* Your instructions
The lines to repeat are those below from the one containing "death of captain america on" down to the one containing "Wat zijn de", both included; reproduce them exactly and nothing else.

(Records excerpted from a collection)
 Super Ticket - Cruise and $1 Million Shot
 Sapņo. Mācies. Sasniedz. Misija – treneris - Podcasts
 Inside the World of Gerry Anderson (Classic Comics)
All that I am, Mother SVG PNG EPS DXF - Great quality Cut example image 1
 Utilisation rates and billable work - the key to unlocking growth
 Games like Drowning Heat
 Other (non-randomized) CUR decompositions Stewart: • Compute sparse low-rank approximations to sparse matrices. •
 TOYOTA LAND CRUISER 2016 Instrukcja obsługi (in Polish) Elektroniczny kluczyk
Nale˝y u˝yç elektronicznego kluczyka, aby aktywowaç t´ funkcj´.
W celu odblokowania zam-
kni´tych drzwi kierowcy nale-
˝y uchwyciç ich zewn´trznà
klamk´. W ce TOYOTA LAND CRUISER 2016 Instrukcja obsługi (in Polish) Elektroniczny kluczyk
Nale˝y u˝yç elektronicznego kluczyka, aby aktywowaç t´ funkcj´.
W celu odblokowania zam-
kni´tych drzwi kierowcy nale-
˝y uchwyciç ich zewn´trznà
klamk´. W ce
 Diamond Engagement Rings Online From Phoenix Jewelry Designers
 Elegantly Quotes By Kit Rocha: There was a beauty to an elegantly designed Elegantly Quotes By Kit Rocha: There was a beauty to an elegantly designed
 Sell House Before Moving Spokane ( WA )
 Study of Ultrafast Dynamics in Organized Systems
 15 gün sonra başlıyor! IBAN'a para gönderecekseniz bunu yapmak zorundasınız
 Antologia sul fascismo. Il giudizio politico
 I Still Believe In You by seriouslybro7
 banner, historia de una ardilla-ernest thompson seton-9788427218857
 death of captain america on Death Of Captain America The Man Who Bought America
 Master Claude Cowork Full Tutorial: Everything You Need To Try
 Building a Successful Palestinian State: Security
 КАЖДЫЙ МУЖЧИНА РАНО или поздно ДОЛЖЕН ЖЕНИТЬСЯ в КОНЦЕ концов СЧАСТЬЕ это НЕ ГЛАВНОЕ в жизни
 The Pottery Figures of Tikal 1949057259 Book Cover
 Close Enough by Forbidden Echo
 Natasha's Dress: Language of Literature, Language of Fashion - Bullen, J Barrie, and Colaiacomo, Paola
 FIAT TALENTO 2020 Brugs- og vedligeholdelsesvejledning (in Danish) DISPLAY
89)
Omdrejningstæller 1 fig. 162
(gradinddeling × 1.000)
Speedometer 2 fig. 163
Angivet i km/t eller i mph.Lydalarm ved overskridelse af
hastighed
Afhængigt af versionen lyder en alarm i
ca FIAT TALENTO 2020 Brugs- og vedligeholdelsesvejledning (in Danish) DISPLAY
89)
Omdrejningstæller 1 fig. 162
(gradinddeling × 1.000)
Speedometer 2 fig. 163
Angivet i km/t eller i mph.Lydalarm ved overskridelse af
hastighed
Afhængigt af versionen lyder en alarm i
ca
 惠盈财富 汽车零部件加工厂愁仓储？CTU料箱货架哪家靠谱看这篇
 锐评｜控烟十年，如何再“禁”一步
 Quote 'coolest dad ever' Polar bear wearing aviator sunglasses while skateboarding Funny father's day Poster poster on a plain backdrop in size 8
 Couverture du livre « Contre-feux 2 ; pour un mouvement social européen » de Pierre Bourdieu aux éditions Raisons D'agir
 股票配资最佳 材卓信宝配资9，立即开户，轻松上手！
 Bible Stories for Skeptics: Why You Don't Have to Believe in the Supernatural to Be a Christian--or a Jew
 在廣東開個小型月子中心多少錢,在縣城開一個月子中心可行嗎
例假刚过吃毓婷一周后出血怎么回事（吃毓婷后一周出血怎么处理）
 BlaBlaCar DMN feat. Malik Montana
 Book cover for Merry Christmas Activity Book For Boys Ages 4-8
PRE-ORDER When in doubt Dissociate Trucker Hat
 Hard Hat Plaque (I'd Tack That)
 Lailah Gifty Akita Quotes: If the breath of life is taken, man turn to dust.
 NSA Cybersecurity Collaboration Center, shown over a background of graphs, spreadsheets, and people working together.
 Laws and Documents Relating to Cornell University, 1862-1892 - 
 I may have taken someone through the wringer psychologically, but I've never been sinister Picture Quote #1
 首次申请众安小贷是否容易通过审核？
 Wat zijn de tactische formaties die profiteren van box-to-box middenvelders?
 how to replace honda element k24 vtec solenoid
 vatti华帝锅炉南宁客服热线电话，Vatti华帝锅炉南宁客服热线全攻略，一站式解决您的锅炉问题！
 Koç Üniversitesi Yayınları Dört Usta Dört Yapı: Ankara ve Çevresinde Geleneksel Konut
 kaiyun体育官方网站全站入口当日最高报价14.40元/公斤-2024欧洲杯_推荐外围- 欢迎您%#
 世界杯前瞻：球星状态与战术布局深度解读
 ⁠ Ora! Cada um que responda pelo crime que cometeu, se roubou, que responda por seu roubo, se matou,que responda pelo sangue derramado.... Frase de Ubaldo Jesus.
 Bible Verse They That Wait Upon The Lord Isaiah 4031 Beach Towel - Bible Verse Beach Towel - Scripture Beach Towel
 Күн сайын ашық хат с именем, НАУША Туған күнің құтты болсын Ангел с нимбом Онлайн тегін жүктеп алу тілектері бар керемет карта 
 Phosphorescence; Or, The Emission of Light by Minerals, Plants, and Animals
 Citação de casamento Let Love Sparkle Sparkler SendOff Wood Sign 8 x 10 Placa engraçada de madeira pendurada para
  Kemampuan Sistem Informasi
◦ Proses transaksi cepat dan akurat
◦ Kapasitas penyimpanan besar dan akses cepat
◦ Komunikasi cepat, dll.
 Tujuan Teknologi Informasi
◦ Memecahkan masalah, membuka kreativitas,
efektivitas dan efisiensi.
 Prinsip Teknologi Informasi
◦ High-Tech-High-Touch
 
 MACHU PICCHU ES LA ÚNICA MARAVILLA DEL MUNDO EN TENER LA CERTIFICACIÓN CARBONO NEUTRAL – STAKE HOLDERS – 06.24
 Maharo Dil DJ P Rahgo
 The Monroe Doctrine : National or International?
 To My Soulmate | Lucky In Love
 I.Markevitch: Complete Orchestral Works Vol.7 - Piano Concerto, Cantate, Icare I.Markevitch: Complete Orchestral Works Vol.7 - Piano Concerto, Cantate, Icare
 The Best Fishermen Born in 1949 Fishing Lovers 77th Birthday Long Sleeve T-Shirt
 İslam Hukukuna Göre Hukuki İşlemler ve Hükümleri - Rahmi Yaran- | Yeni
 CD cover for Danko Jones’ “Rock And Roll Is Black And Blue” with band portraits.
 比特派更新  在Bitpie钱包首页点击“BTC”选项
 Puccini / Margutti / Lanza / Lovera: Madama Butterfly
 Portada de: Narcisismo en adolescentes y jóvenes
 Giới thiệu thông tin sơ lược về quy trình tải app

* Finished exercise
 death of captain america on Death Of Captain America The Man Who Bought America
 Master Claude Cowork Full Tutorial: Everything You Need To Try
 Building a Successful Palestinian State: Security
 КАЖДЫЙ МУЖЧИНА РАНО или поздно ДОЛЖЕН ЖЕНИТЬСЯ в КОНЦЕ концов СЧАСТЬЕ это НЕ ГЛАВНОЕ в жизни
 The Pottery Figures of Tikal 1949057259 Book Cover
 Close Enough by Forbidden Echo
 Natasha's Dress: Language of Literature, Language of Fashion - Bullen, J Barrie, and Colaiacomo, Paola
 FIAT TALENTO 2020 Brugs- og vedligeholdelsesvejledning (in Danish) DISPLAY
89)
Omdrejningstæller 1 fig. 162
(gradinddeling × 1.000)
Speedometer 2 fig. 163
Angivet i km/t eller i mph.Lydalarm ved overskridelse af
hastighed
Afhængigt af versionen lyder en alarm i
ca FIAT TALENTO 2020 Brugs- og vedligeholdelsesvejledning (in Danish) DISPLAY
89)
Omdrejningstæller 1 fig. 162
(gradinddeling × 1.000)
Speedometer 2 fig. 163
Angivet i km/t eller i mph.Lydalarm ved overskridelse af
hastighed
Afhængigt af versionen lyder en alarm i
ca
 惠盈财富 汽车零部件加工厂愁仓储？CTU料箱货架哪家靠谱看这篇
 锐评｜控烟十年，如何再“禁”一步
 Quote 'coolest dad ever' Polar bear wearing aviator sunglasses while skateboarding Funny father's day Poster poster on a plain backdrop in size 8
 Couverture du livre « Contre-feux 2 ; pour un mouvement social européen » de Pierre Bourdieu aux éditions Raisons D'agir
 股票配资最佳 材卓信宝配资9，立即开户，轻松上手！
 Bible Stories for Skeptics: Why You Don't Have to Believe in the Supernatural to Be a Christian--or a Jew
 在廣東開個小型月子中心多少錢,在縣城開一個月子中心可行嗎
例假刚过吃毓婷一周后出血怎么回事（吃毓婷后一周出血怎么处理）
 BlaBlaCar DMN feat. Malik Montana
 Book cover for Merry Christmas Activity Book For Boys Ages 4-8
PRE-ORDER When in doubt Dissociate Trucker Hat
 Hard Hat Plaque (I'd Tack That)
 Lailah Gifty Akita Quotes: If the breath of life is taken, man turn to dust.
 NSA Cybersecurity Collaboration Center, shown over a background of graphs, spreadsheets, and people working together.
 Laws and Documents Relating to Cornell University, 1862-1892 - 
 I may have taken someone through the wringer psychologically, but I've never been sinister Picture Quote #1
 首次申请众安小贷是否容易通过审核？
 Wat zijn de tactische formaties die profiteren van box-to-box middenvelders?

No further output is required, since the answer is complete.